Also, under Section 65 of the Nigerian Penal Code, private defence may, in certain circumstances, extend to killing where the act being repelled is one of the following categories:
(a) an attack which causes reasonable apprehension of death or causing grievous hurt; or
(b) rape or assault with intent to gratify unnatural lust, or
(c) abduction or kidnapping
Under the Penal Code of Nigeria, express provisions are made which give an accused person a right to kill in self defence where the act repelled is either rape, assault with intent to gratify unnatural lust, abduction or
kidnapping. In construing the Nigerian Penal Code provisions on the right of private defence, the Supreme Court in Kwagshir v State held that four cardinal conditions must exist before the taking of the life of a person is justified on the plea of self defence. These are:
a. the accused must be free from fault in bringing about the encounter;
b. there must be present an impending peril to life or of great bodily harm real or so apparent as to create honest belief of an existing necessity;
c. there must be no safe or reasonable mode of escape by retreat; and
d. there must have been a necessity for taking life.

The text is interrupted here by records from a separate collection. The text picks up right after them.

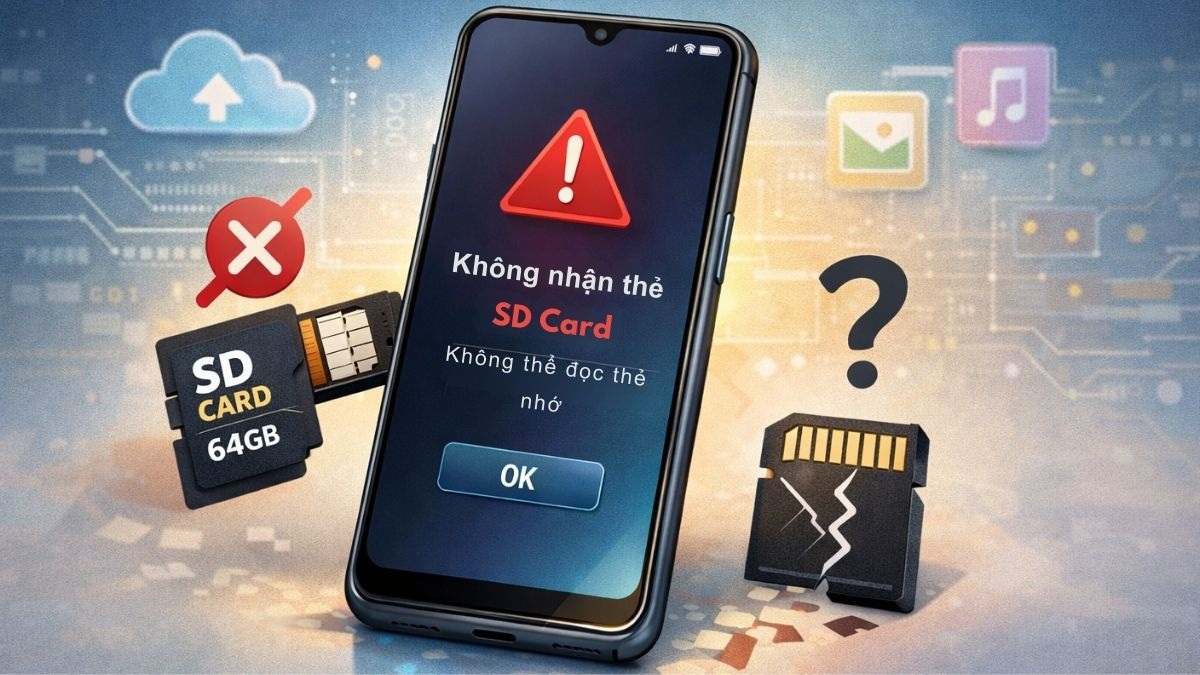 OPPO không nhận thẻ nhớ: Nguyên nhân và cách khắc phục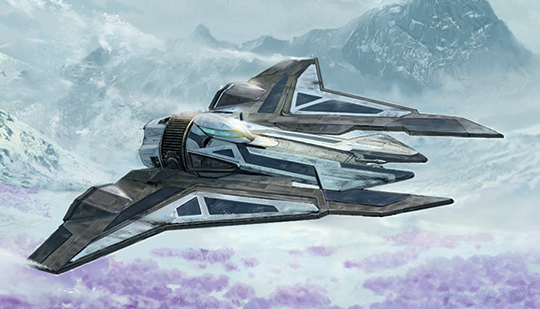 Bo-Katan Kryze's Gauntlet starfighter appearance in Common Appearance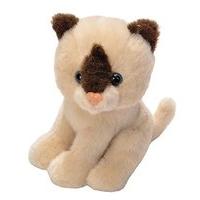 Little Plush, Sitting Cat Siamese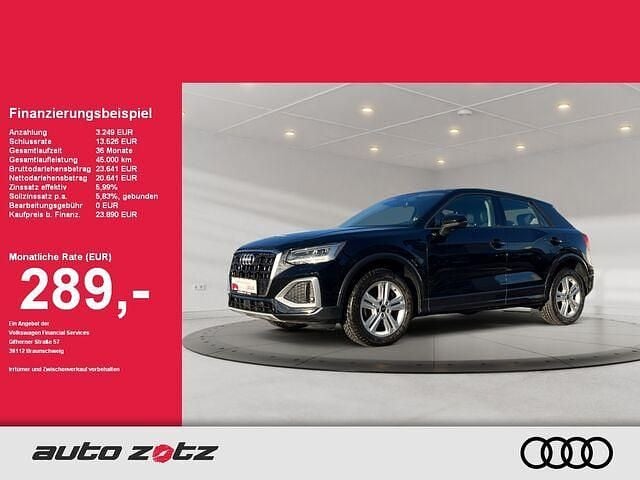 Brillantschwarz Gebraucht 2021 Audi Q2 Advanced Plus SUV | 23.890 € (Fairer Preis) - Bild 1/2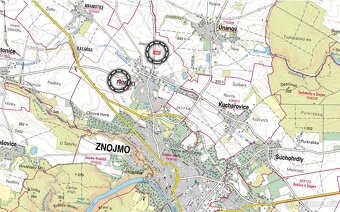 Zemědělská půda, prodej, Přímětice, Znojmo - 4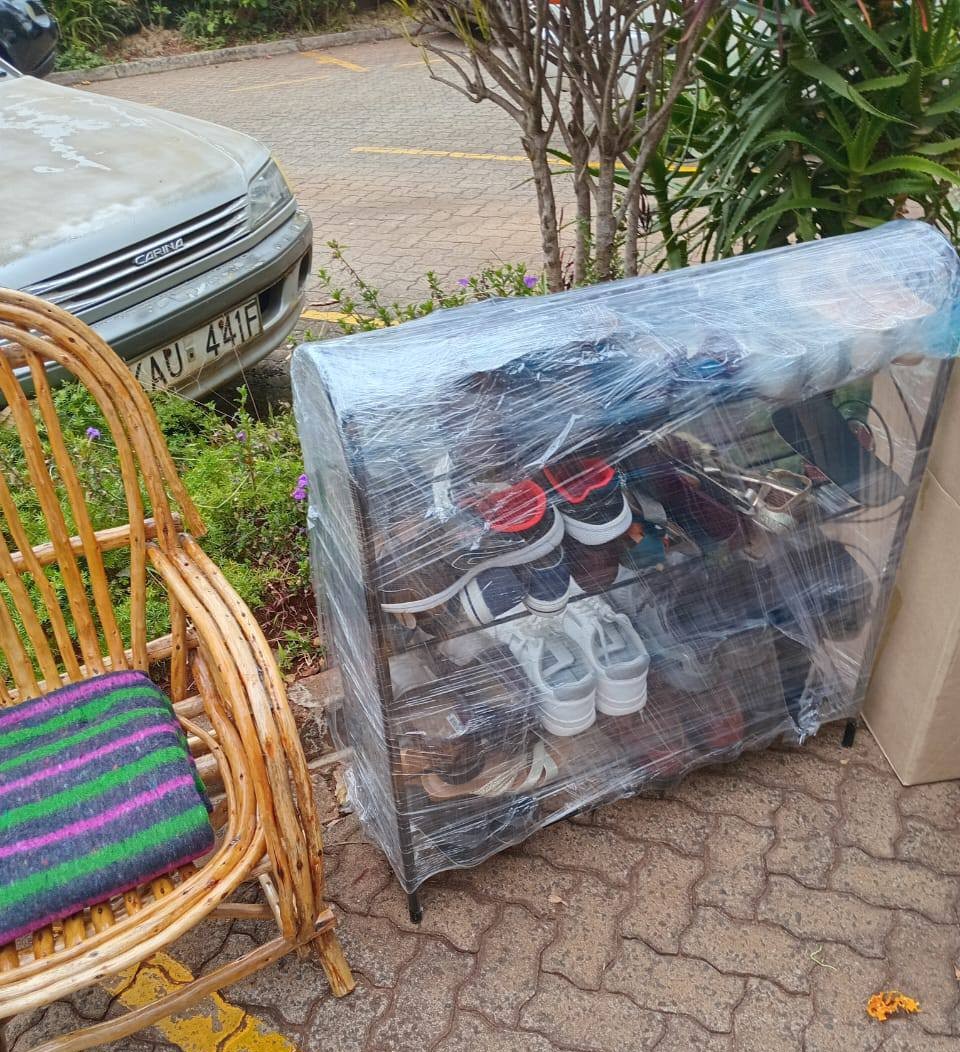 Professional moving truck in Nairobi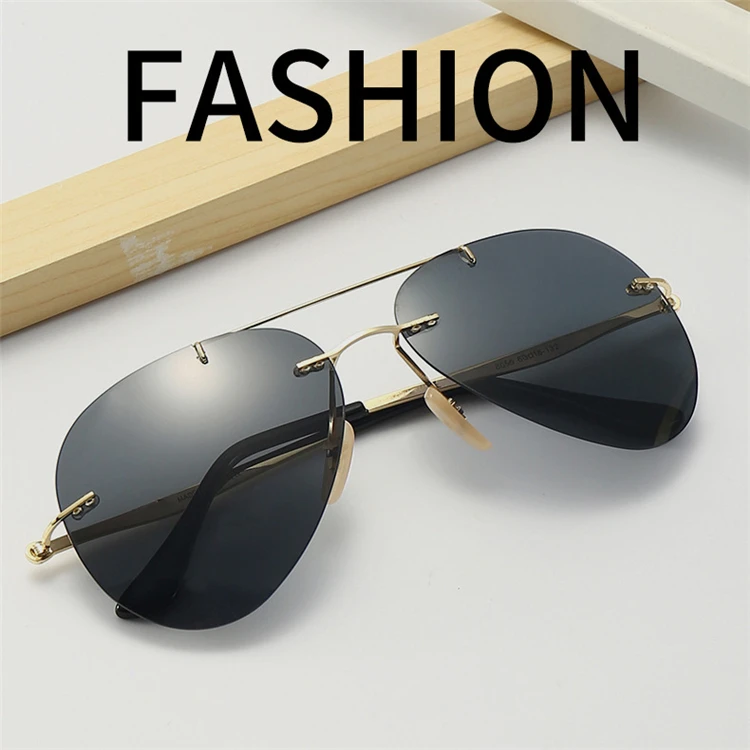 Wholesale High Quality Polarized Lens Glasses All Brand Contact Us for Catalog Pilot Eyeglasses Retro Men Shades Sunglasses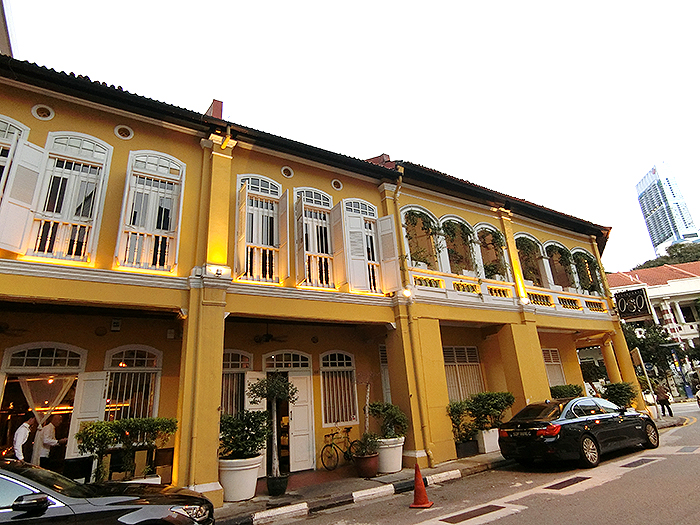新加坡Restaurant ANDRE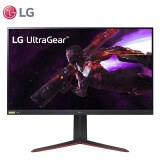 LG 31.5英寸 NanoIPS 2K 180Hz(O/C) 10.7亿 HDR 1ms 设计师 办公 小金刚 游戏 电竞显示器 32GP850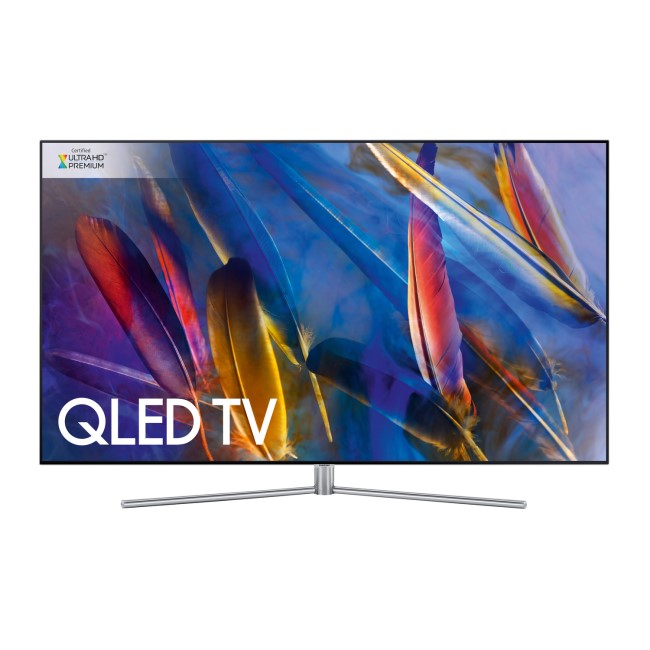 Refurbished - Grade A2 - Samsung QE75Q7F 75" 4K Ultra HRR Smart QLED TV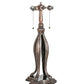 Meyda  32"H Tiffany Magnolia Table Lamp - 31146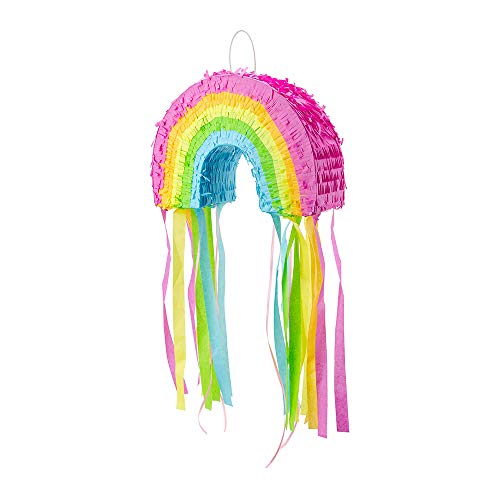 Piñata Regenbogen 30x20x10cm Partyzubehör von DekoHaus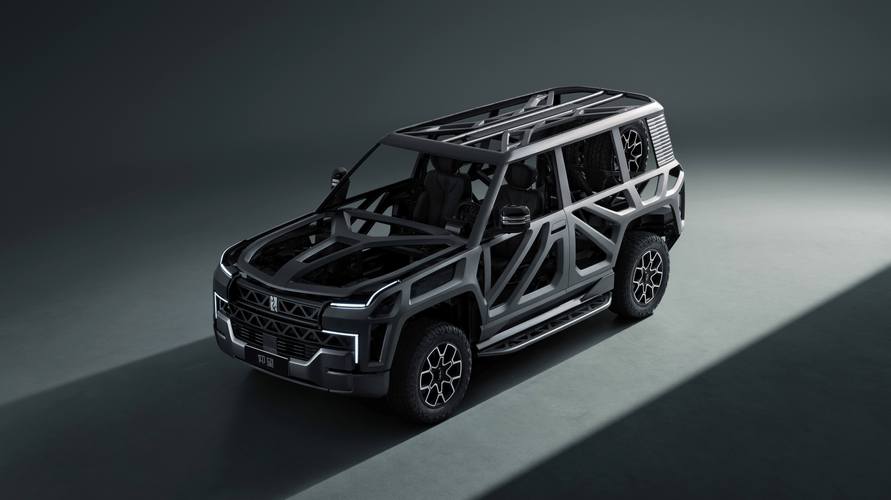 重庆157仰望U8硬派越野的科技魅力，国能汽车对传统燃油车市场的冲击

HURIWA agrees with the lawyer that It is clear that the Authorities are unwilling, unable, uninterested. ……in stopping these murders of innocent people in our communities. The rape of our mothers, sisters and daughters. The butchering of unborn babies ripped out of the stomachs of pregnant mothers in farms and communities. The organised murders of whole communities at a time and burning down of such communities.